Pictures are to be left out; every line from the one with "Image of Can-Am" through the end of the data must be transcribed exactly.

────────────────────

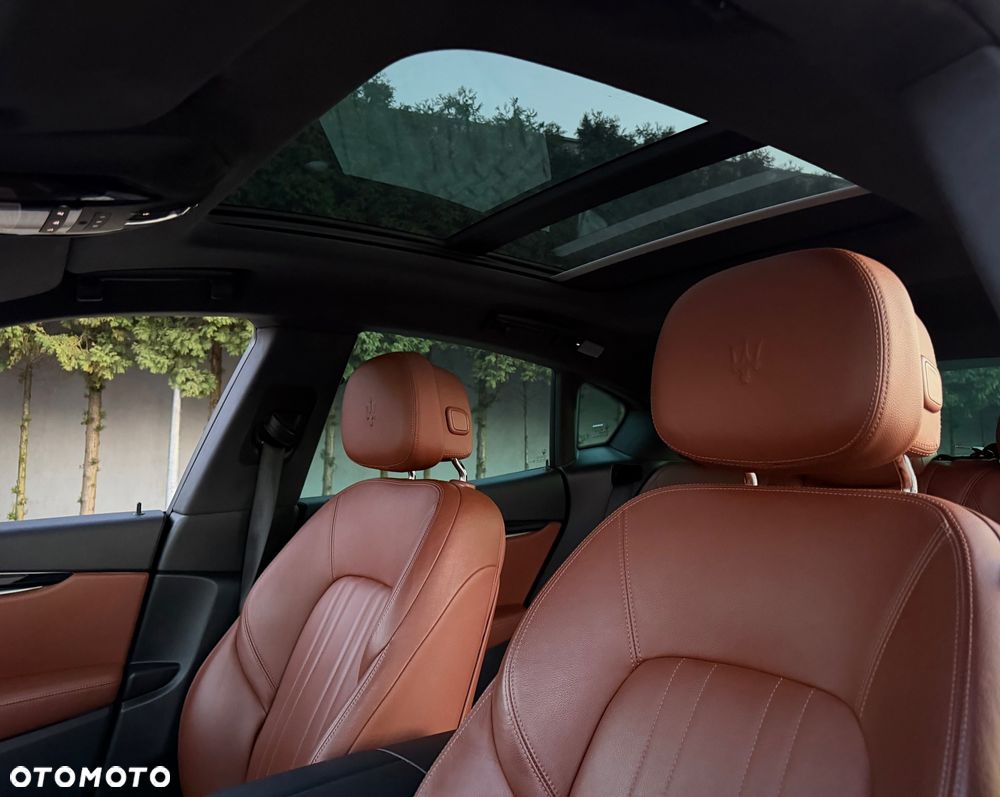 Maserati Levante Q4 GranLusso - 22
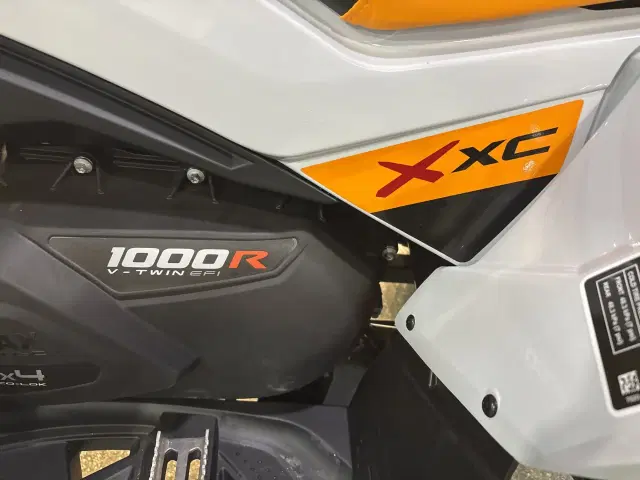Image of Can-Am Renegade X xc 1000R equipment image 3
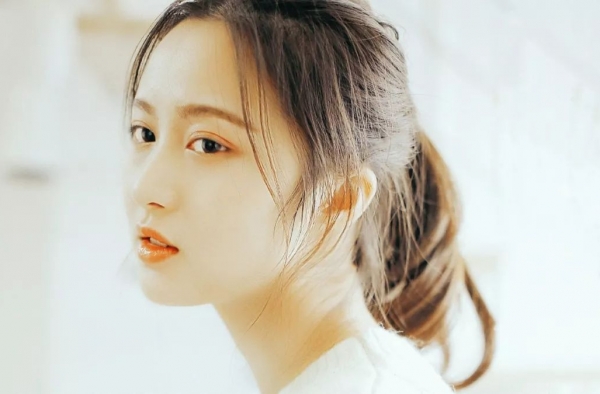 不想一直单身的男士们 请别无视女生的这些动作！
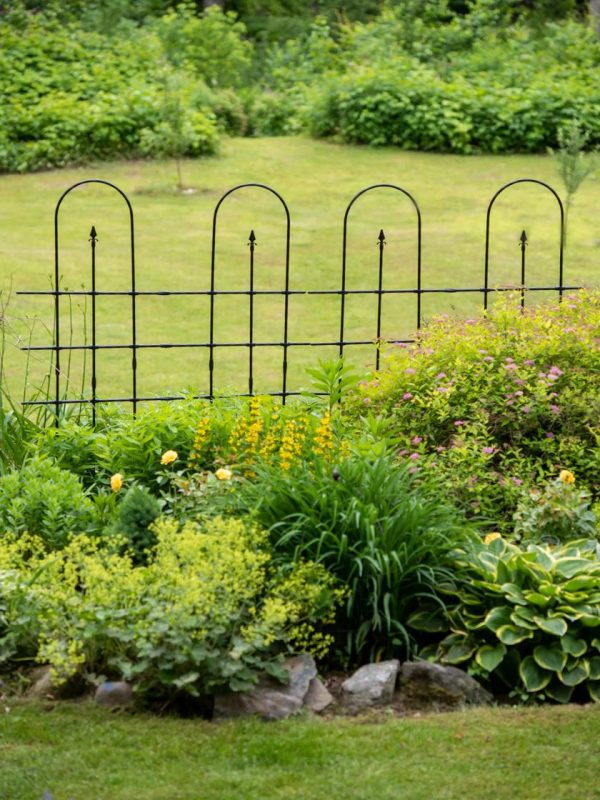 Carlisle Garden Border Panel  |   Trellises & Obelisks Trellises & Obelisks Trellises & Obelisks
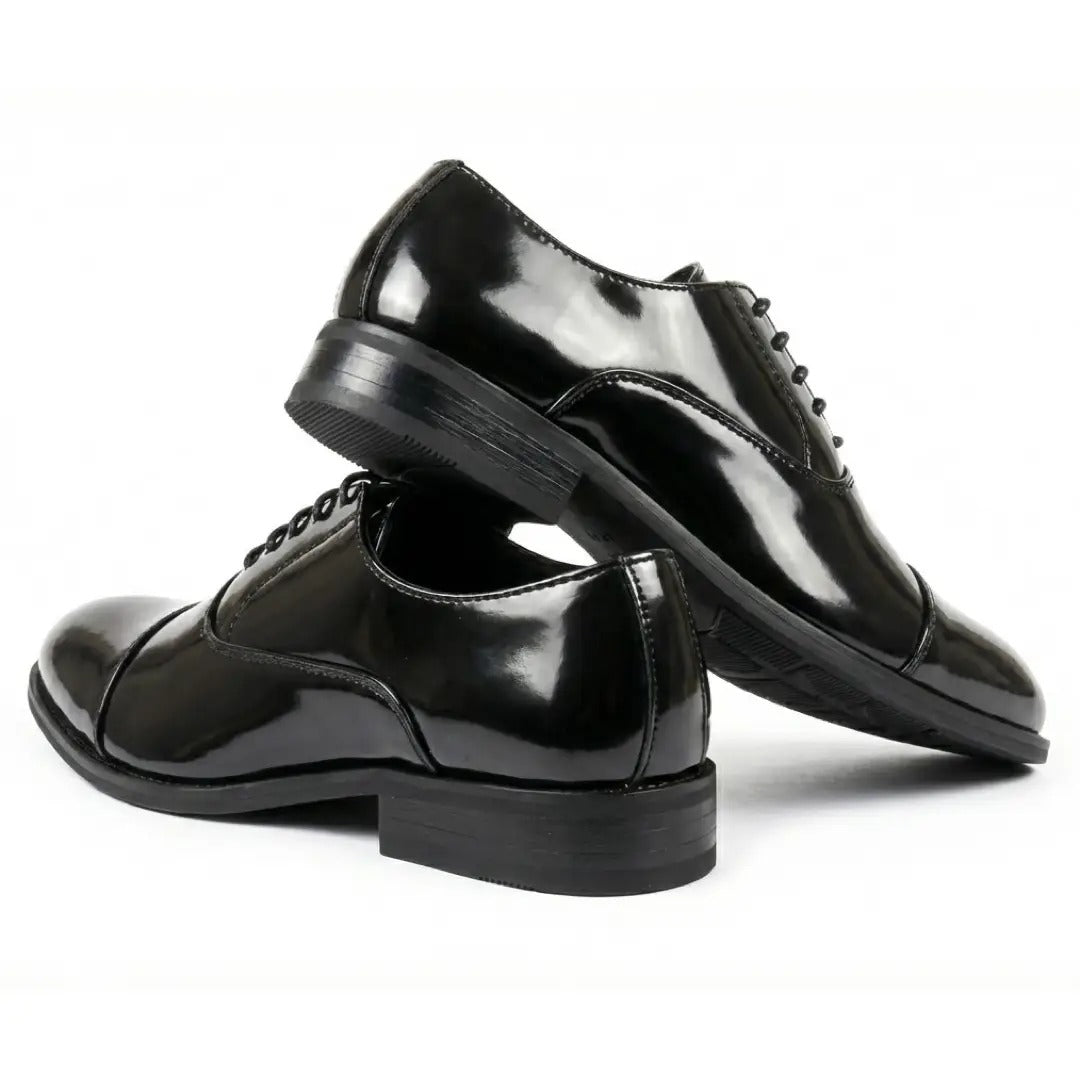Zapatos Oxford clásicos de hombre con puntera reforzada y cordones.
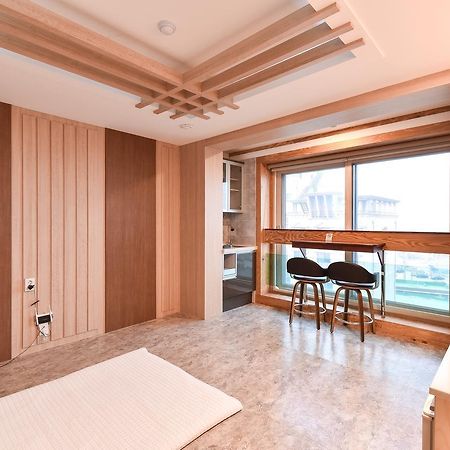 Hotel Topsville Gangneung Ngoại thất bức ảnh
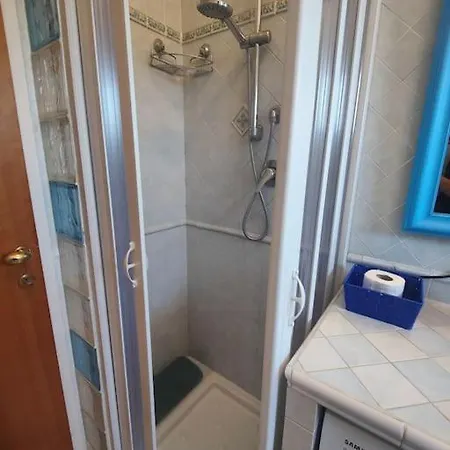 Culla Di Diego Box Auto, Sospesi Nel Cielo! Roma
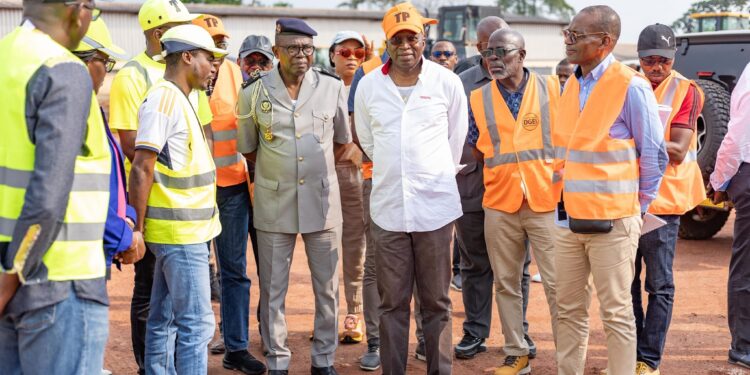 À Oyem Charles M’BA et le Général Nzengue Nzoudou tancent les sociétés sur le respect du cahier des charges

────────────────────

## Output
Image of Can-Am Renegade X xc 1000R equipment image 3
 不想一直单身的男士们 请别无视女生的这些动作！
 Carlisle Garden Border Panel  |   Trellises & Obelisks Trellises & Obelisks Trellises & Obelisks
Zapatos Oxford clásicos de hombre con puntera reforzada y cordones.
 Hotel Topsville Gangneung Ngoại thất bức ảnh
 Culla Di Diego Box Auto, Sospesi Nel Cielo! Roma
 À Oyem Charles M’BA et le Général Nzengue Nzoudou tancent les sociétés sur le respect du cahier des charges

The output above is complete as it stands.